Globally, disruptive technologies like AI  are entering the domain of news and digital media. New apps like Banjo claim to be tapping a new pulse on the world by mining social media, search trends, geo-location data, and other digital signals to produce new forms of breaking news instead of waiting for humans to figure out something is important and start sharing on SM networks like Facebook and Twitter. Other media ventures are tapping into AI to build stories when events are based around simple facts and human interpretation isn’t required. 

Two years ago, the Los Angeles Times became the first major outlet to report on an earthquake—almost instantaneously—with a bot. Today, companies like Automated Insights and Narrative Science are powering the production of millions of auto-generated 'articles', such as personalized recaps for fantasy sports fans. A similar metrics-based formula can be used to recap a customer’s stock portfolio performance.
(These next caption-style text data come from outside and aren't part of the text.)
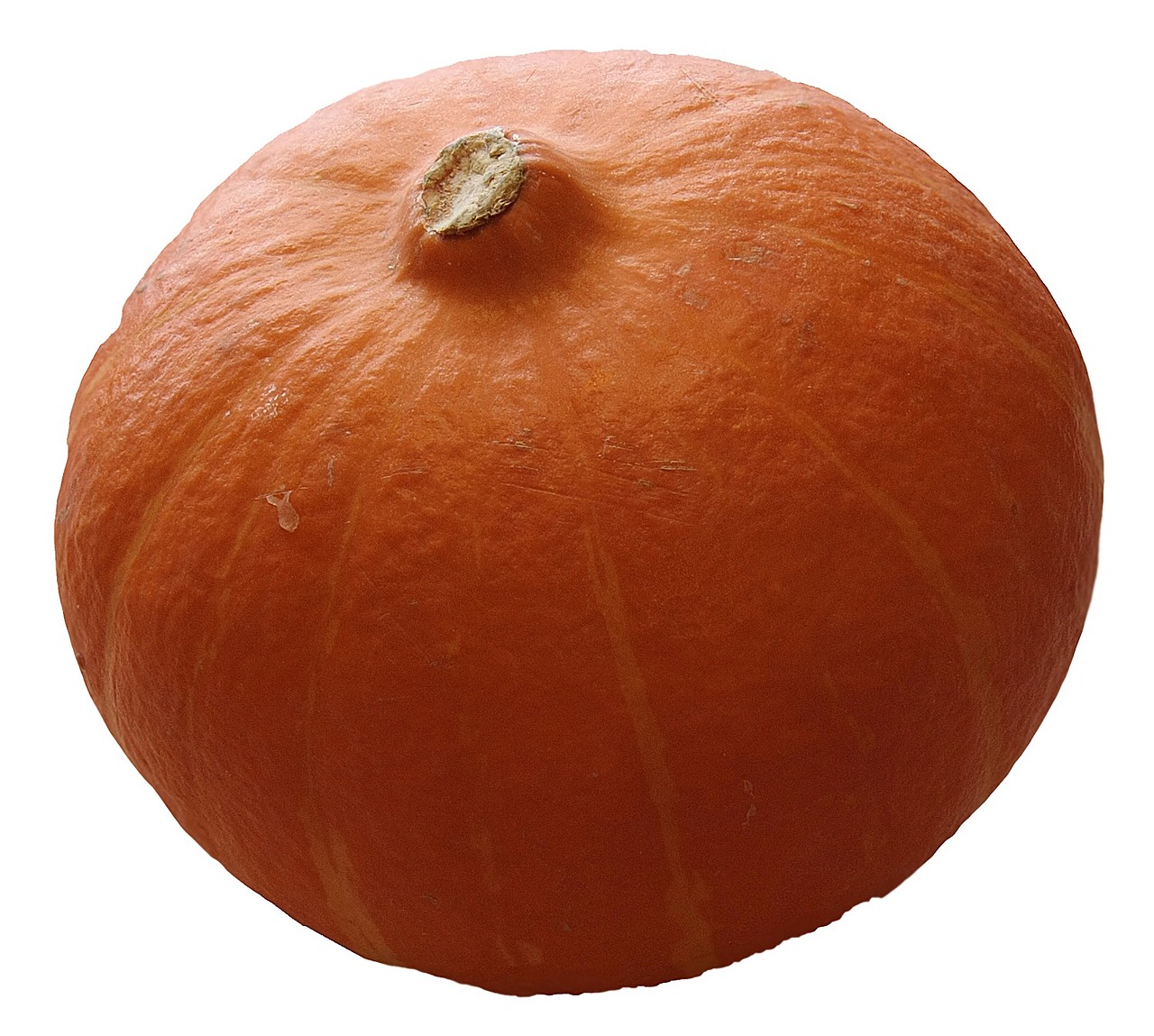 pumpkin hokkaidō japan orange free photo
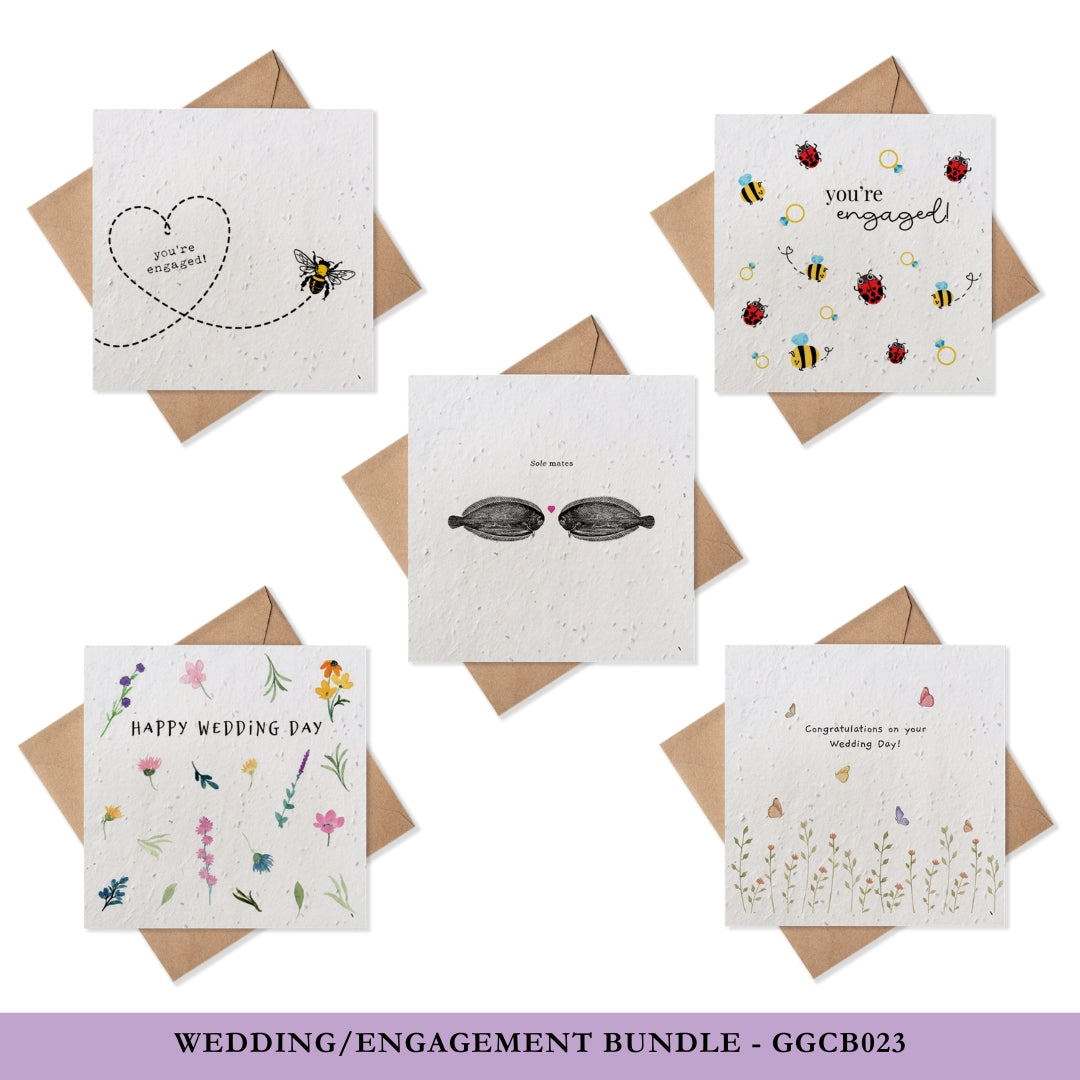 Greeting Cards - Occasions Bundles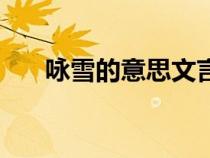 詠雪的意思文言文翻譯（詠雪的意思）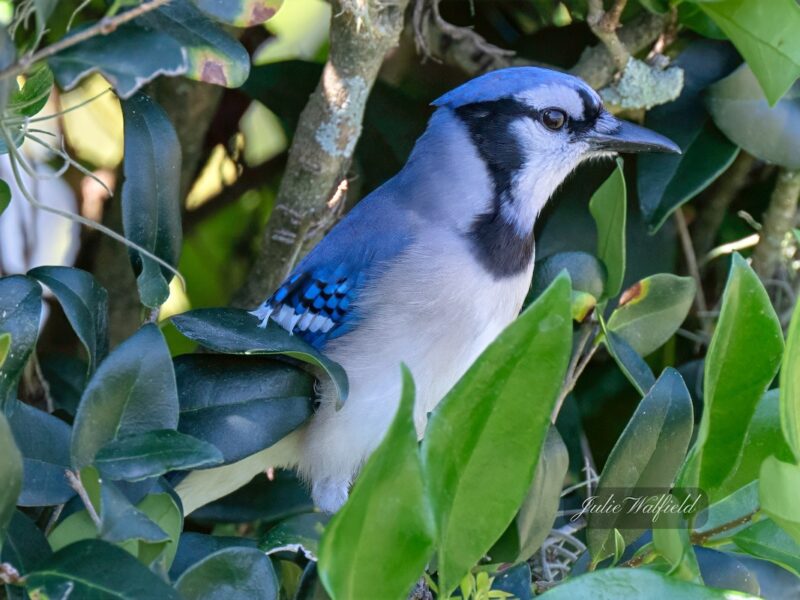 Blue jay escaping the heat in the Village of Liberty Park
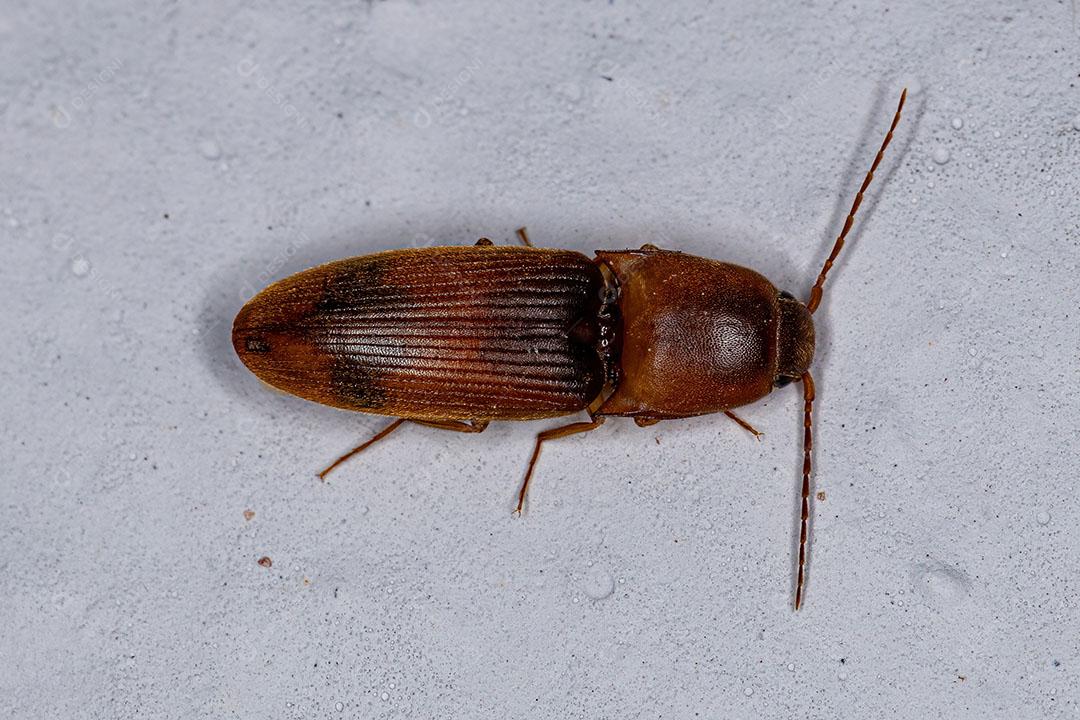 Besouro de Clique adulto da Família Elateridae Imagem JPG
That said, the reason many believe (and AI companies promise) that a writer’s job is still safe is because these stories are purely factual, basically converting raw data into language. Human writers could eventually focus on more complex writing for analysis, opinion, or humour—the layers of news that attract readers. But this is where AI researchers hold up a finger and say, “Yet!”

Over the last five years, processing power and huge corpuses of teaching data have given computers the ability to detect emotions and moods. Soon, possibly, they will be able to recognize a sideline scuffle or a player’s shift in attitude. Combine that with sensors gathering crowd reactions, the movement and changes in velocity for players and passes, historical statistics that provide context for the game and a player’s performance—and now AI is starting to encroach on analysis as well. Were this scenario to come good in the future, many human writers will find their tasks taken over and being done with greater elan and efficiency by machines and algorithms.

While the print media is not likely to be snuffed out any time soon, business models will have to be rethought and stringent cost controls will become an absolute necessity. Humans, including writers, will find themselves getting edged out gradually but surely in the process. With the advent of AI, journalism, like quite a few other professions, will be firmly placed in the sunset category.